Converter (Section III-B). The converter provides a suite of primitives for operators to describe SFCs without involving complex details. After receiving the SFC implementation requests from operators, the converter extracts SFPs and SFC components from input requests and represents them in directed acyclic graphs (DAGs). The converter then transforms DAGs into the intermediate representation (IR), which is a straightforward representation of SFCs. To observe the P4 grammar during the workflow of the converter, we design an LCS-based algorithm that introduces a small and acceptable number of duplicate P4 tables to merge DAGs to IR.
Generator (Section III-C). The generator is responsible for producing the P4 program based on IR. In P4SC, each P4-based NF is maintained in a P4SC block, which contains the NF name, P4 source codes, and the names of P4 control flows. The generator takes IR as input and extracts related P4 source codes from the P4SC blocks indicated by the NF nodes of IR. Thereafter, it composes the P4 control flows based on extracted P4 source codes, and produces the output P4 program to deploy the P4-capable device.
Runtime manager (Section III-D). The runtime manager is responsible for enabling operators to manage the SFCs running on P4-capable devices at runtime. To enable high flexibility, we design several unified control commands in the runtime manager. These high-level control commands shield device and infrastructure heterogeneity. By invoking these commands, operators are competent to efficiently manage NFs and SFCs running on P4-capable devices at runtime.

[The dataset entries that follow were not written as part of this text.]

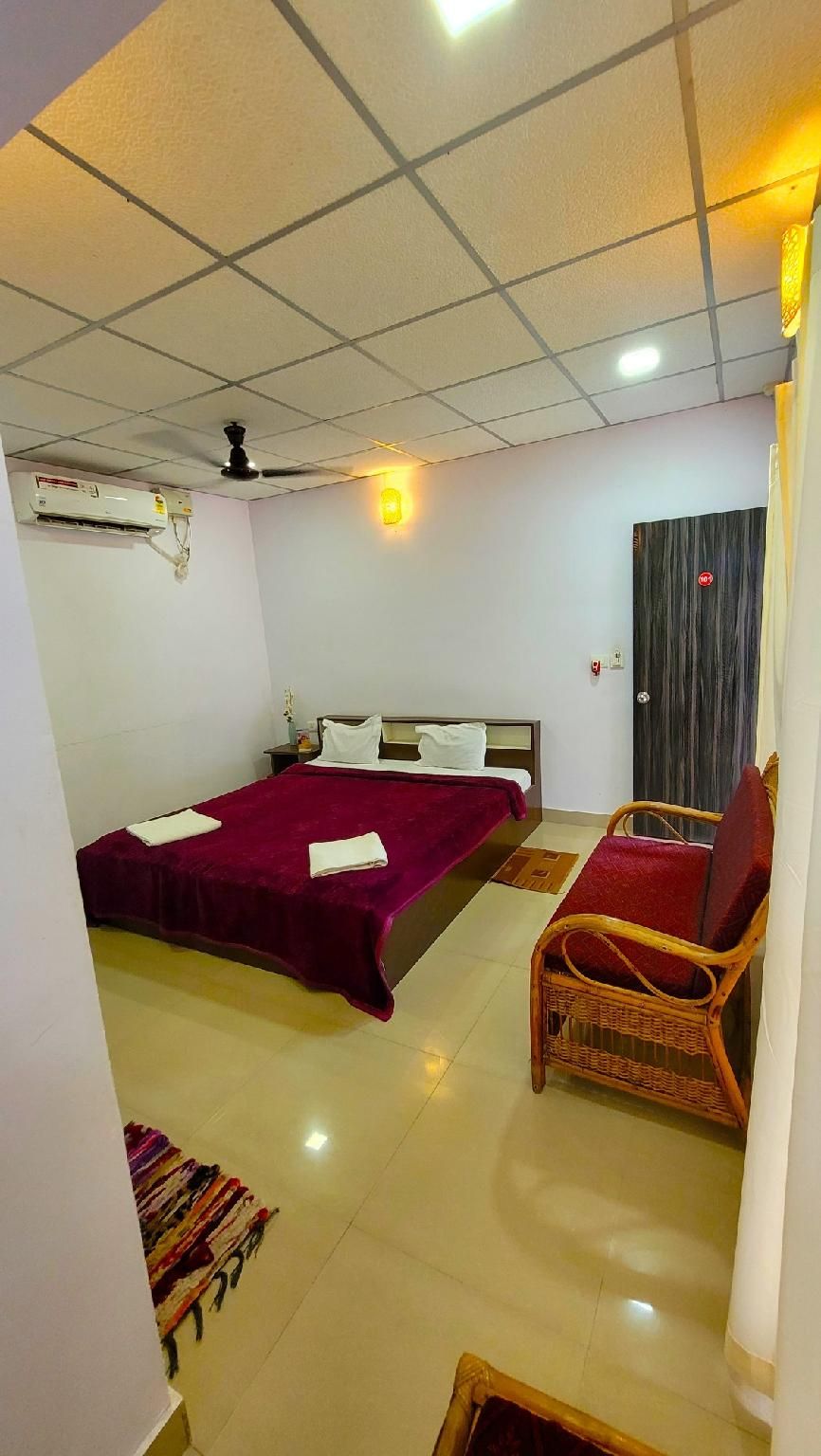 undefined The Aroma Resort 5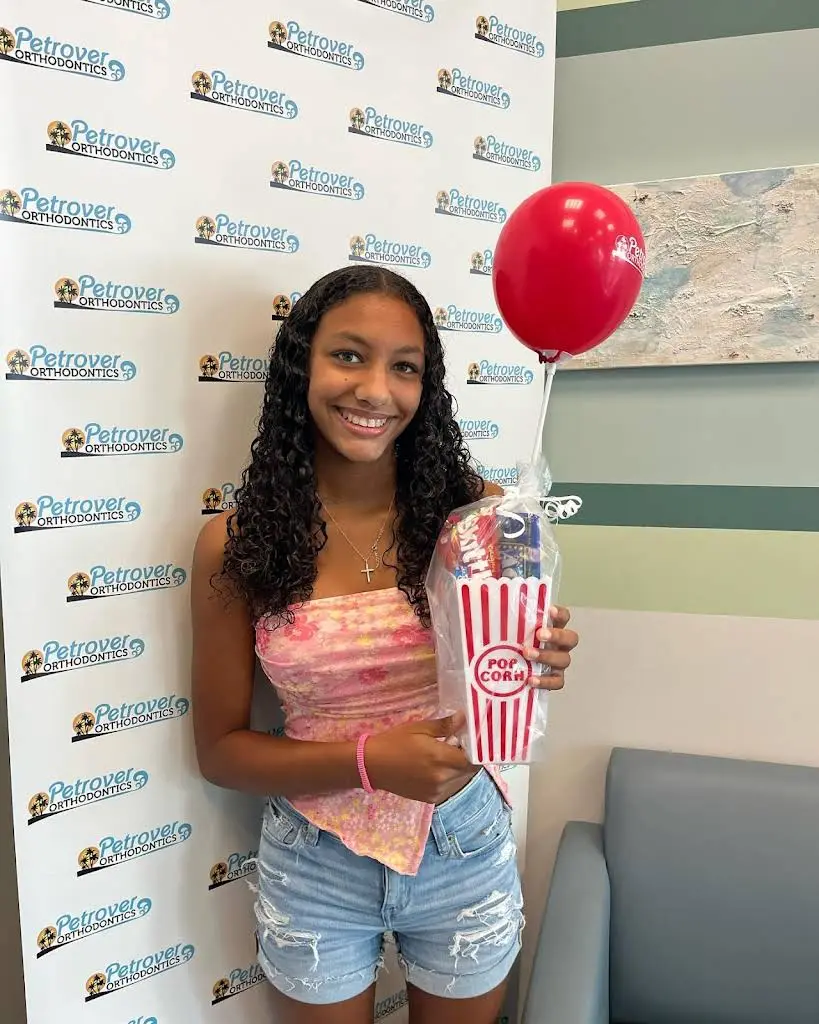 Petrover Orthodontics
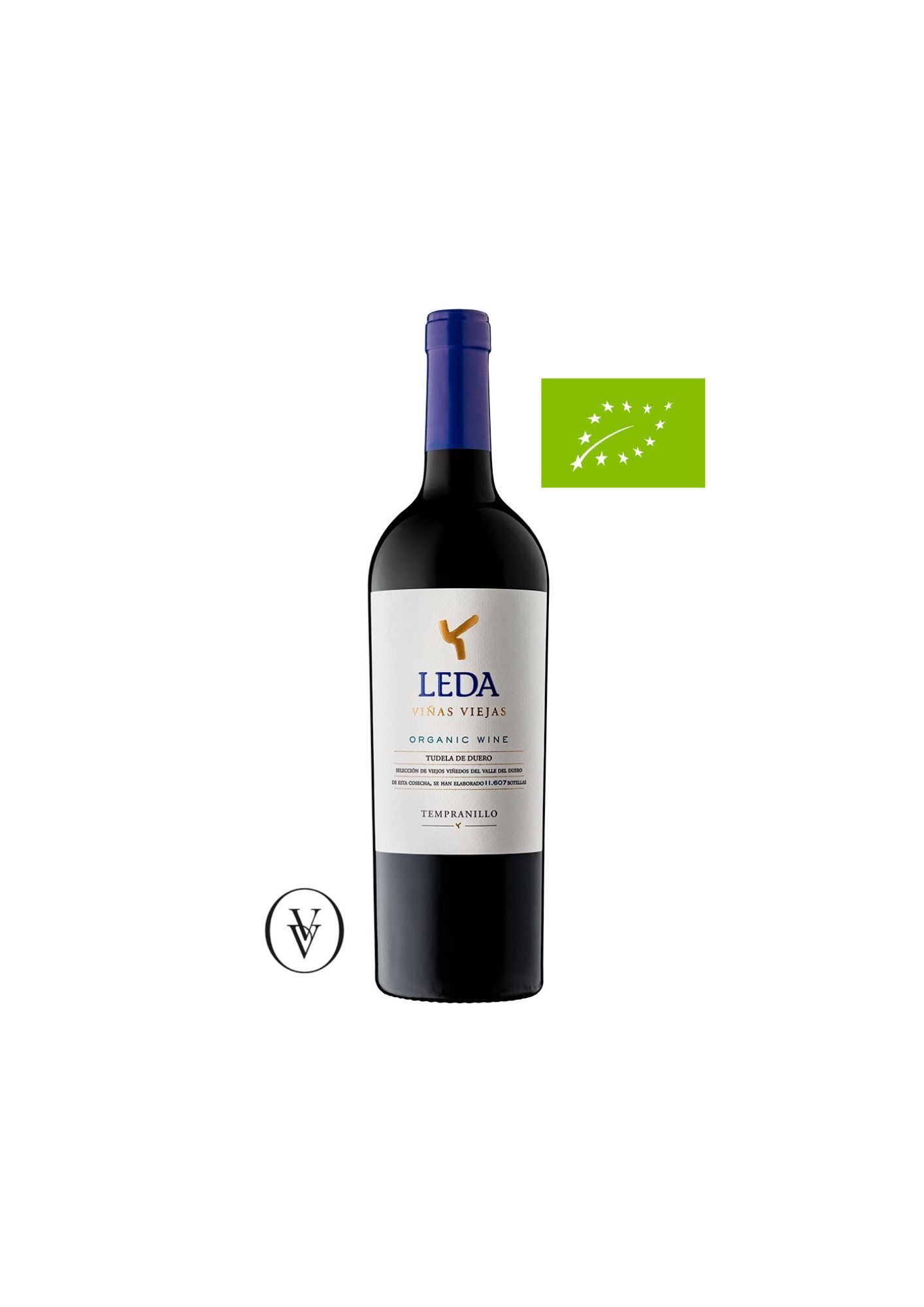 masaveu - leda viñas viejas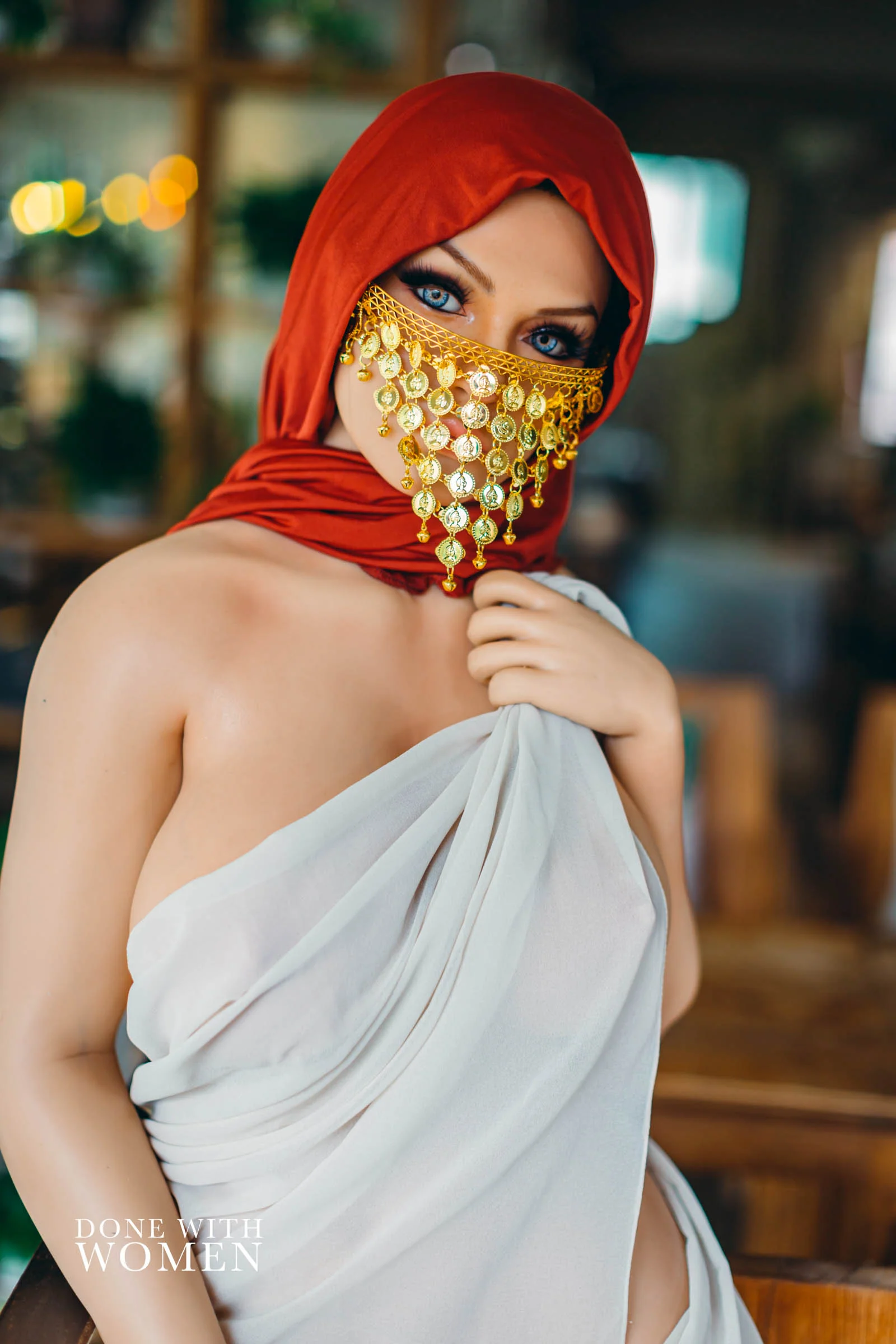 sex doll RCStarpery 165cm / 5ft5 G cup Cynthia - R C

Automatic integration mechanism (Section III-E). The automatic integration mechanism is designed to help operators import new P4-based NFs to P4SC. This mechanism automatically resolves conflicts between newly imported NF and NFs that have already existed in P4SC. By means of this mechanism, P4SC significantly mitigates the burdens of integrating new NFs.
B. CONVERTER DESIGN
The converter provides a suite of primitives used to construct SFC implementation requests, each of which describes the features of a specific SFC. The converter converts each request to a DAG. It uses an LCS-based algorithm to merge these DAGs to IR, and delivers IR to the generator. 
1) CONVERTING SFC IMPLEMENTATION REQUESTS TO DAGS
When implementing SFCs, operators need to describe SFPs and SFC components to construct SFCs. In response, we design a suite of primitives in the converter, which are presented in Table 1 . These primitives are used to describe VOLUME 7, 2019 SFCs in SFC implementation requests, each of which corresponds to a specific SFC. Therefore, operators are competent to describe various kinds of SFCs, such as the SFC with multiple endpoints, by using these primitives. For example, to describe an SFC with multiple endpoints, operators can use the primitive ''NF1 before NF2'' to define the execution order between different NFs, while exploiting the primitive ''NF1 then NF2 or NF3'' to describe SFPs.
The converter supports the implementation of arbitrary SFCs, including DAG-based SFCs and non-DAG SFCs. The structure of a DAG-based SFC is a DAG, while that of a non-DAG SFC is a directed graph with cycles. For DAG-based SFCs, the converter directly converts them to corresponding DAGs. However, the non-DAG SFCs are prohibited by the P4 grammar in consideration of line-rate performance guarantee. In response, for non-DAG SFCs, the converter converts them to DAG-based SFCs in the beginning, and then transforms DAG-based SFCs into DAGs. Specifically, we summary non-DAG SFCs as two forms: (1) an NF appears multiple times in an SFC, or (2) the SFC has loop conditions. In the former scenario, the converter requires operators to rename the NF, which has been invoked, with a serial number as writing requests. For example, assume an NF named ''Firewall'' has been invoked two times. Operators need to use a serial number ''3'' to invoke this NF again in an SFC implementation request: ''Firewall_3''. Moreover, in the latter scenario, the converter provides the primitive ''NF1 loop'' for handling loop conditions, while using a node attribute to indicate the start of a loop. By this means, the converter converts non-DAG SFCs to DAG-based SFCs with the P4 grammar observed.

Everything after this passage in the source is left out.